Outside the context of a clinical trial, I rarely take recourse to upfront allogeneic transplantation. However, I may discuss this as a therapeutic option in the few young patients under the age of 40 that I see.
In this scenario, I have a detailed discussion with the patients regarding the data on efficacy and the morbidity and mortality, including, but not limited to, acute and chronic graft-versus-host disease, opportunistic infections, and other transplant-related toxicities.
To date, two randomized clinical trials done in Europe (Bruno et al: NEJM 2007, Bjorkstrand et al: JCO 2011) have shown a survival advantage to the use of a tandem autologous, reduced intensity allogeneic transplant strategy compared with tandem autologous stem cell transplantation. However, another trial in high-risk patients done by the French (Moreau et al: Blood 2006) did not show any survival advantage.

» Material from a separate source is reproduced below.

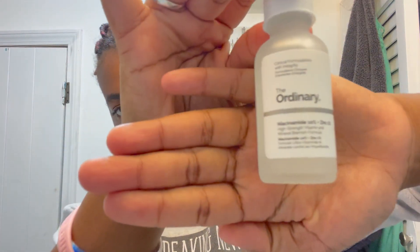Next up is the new product — The Ordinary serum. I'm going to add a couple drops onto my face and rub it in like any other product. I noticed it's a little bit sudsy which I thought was weird, but it's okay. Now I'm going in with my CeraVe moisturizing cream — just a little bit because a little goes a long way — and rubbing that in all over.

Two additional trials (HOVON 24 and CTN 0102) are also apparently not showing a survival advantage. However, the HOVON 24 data seem to suggest that a survival advantage in favor of the allogeneic transplant arm may emerge with longer follow-up. Also, in the CTN 0102 trial, it is felt that a survival advantage may emerge on longer follow-up for the high-risk subset.
The use of bisphosphonates for reduction of skeletal-related events is something that I practice for those patients who have evidence of skeletal involvement on routine skeletal survey. For those patients who have a normal skeletal survey, I lately have started performing MRI scans of the spine and pelvis, and if bony lesions are detected, then I am inclined to put these patients on a bisphosphonate as well.

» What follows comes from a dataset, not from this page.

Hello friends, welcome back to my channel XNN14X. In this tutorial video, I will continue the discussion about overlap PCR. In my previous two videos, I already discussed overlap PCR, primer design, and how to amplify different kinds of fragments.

Although the randomized clinical trials that established the benefit of bisphosphonates allowed only patients who had evidence of bony destruction visible on plain radiographs, it seems logical that even patients with only MRI-detectable skeletal abnormalities would benefit, given that bisphosphonates have also been shown to be effective, even in patients with smoldering myeloma.
The optimal duration of bisphosphonate use is still debated. Currently ASCO guidelines suggest that these drugs be given for two years post-diagnosis, and be stopped thereafter if the disease is inactive.

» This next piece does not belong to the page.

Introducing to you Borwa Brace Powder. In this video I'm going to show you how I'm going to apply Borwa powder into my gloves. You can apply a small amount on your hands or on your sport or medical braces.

I, for the most part, follow these guidelines. However, the recent MRC IX trial showed a survival advantage with the use of zoledronic acid as compared with patients receiving clodronate, independent of its effect on skeletal-related events. Although on this trial bisphosphonates were given long-term for the duration of the follow-up, it is unclear whether a more abbreviated course of bisphosphonates may confer the same survival advantage. Since the results of this trial have become available, I have adopted the practice of reducing the bisphosphonate use to every two to three months after the initial two years, rather than stopping it at that time.
For patients who receive bortezomib, it is important that prophylaxis against herpes zoster be instituted. For patients receiving lenalidomide, an anticoagulant needs to be on board if combined with dexamethasone. I use 81 mg of aspirin for the vast majority of my patients. However, for those with more high-risk disease, as evidenced by a previous history of deep venous thromboses, immobility, known coagulopathies, etc., I use full anticoagulation with warfarin or low molecular weight heparin.